Il Controguerra Doc (produzione limitata ad una piccola zona in provincia di Teramo) e il Tullum Doc (produzione del comune di Tollo, Chieti) valorizzano i principali vitigni autoctoni a bacca bianca come la Passerina e il Pecorino. Sono vini che spaziano dal floreale al fruttato, dalle caratteristiche aromatiche e sensoriali, un sapore fresco e persistente riconoscibile da un retrogusto amarognolo.

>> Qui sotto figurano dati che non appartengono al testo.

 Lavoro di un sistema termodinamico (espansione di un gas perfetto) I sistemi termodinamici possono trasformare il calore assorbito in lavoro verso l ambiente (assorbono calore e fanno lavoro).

Complessivamente l’Abruzzo rappresenta una importante realtà vitivinicola dell’Italia centrale con una produzione che mediamente supera i 3,5 milioni di ettolitri di vino che, al di là del mercato nazionale, viene esportato in Germania, Stati Uniti e Canada.

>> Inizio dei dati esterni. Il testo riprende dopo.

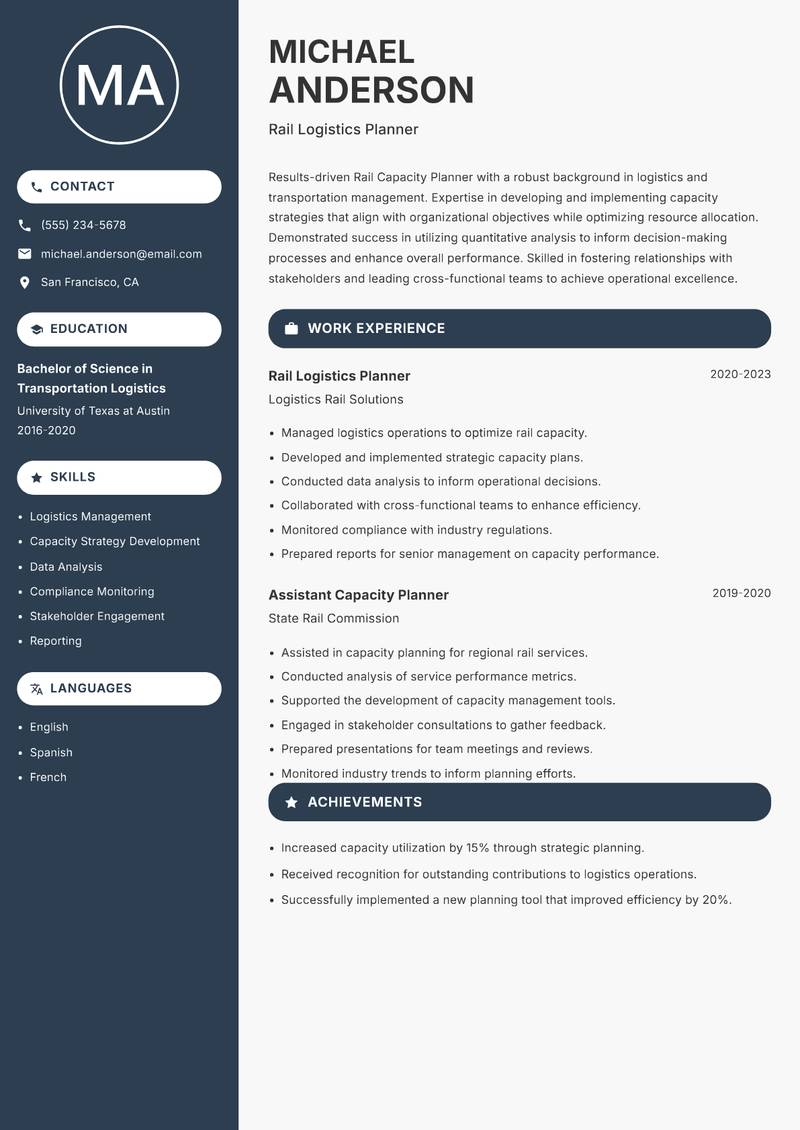 Rail Capacity Planner resume sample — Rail Logistics Planner focus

Un bel grappolo d’uva fresco e polposo ricorda che l’uva è un frutto molto salutare sia per le sue proprietà depurative, da sempre note, ma anche per le sue virtù protettive. Gli antociani, che si concentrano prevalentemente nella buccia degli acini, sono preziosi per i vasi sanguigni (stabilizzano le pareti di arterie, vene e capillari), sono quindi un antidoto al processo di invecchiamento; la melatonina è utile a regolare il sonno, mentre il resveratrolo combatte il colesterolo cattivo migliorando il sistema cardiovascolare. La presenza di zuccheri, acido fosforico e silicio ha proprietà protettive per pelle e capelli e rende questo frutto un buon ricostituente del sistema nervoso. La sua azione diuretica è utile per frenare il formarsi della cellulite. Si è dimostrato che la composizione dell’uva ha alcuni punti di contatto con quella del latte materno, quindi frutto perfetto nel periodo di allattamento. Usiamola con fantasia, nelle insalate, come ornamento a piatti di pietanze, ma soprattutto non facciamola mancare nelle macedonie e proponiamola come festosa decorazione infilzando gli acini, magari alternati ad altri frutti, negli spiedini di ornamento in frullati, tè freddo, succo di arancia.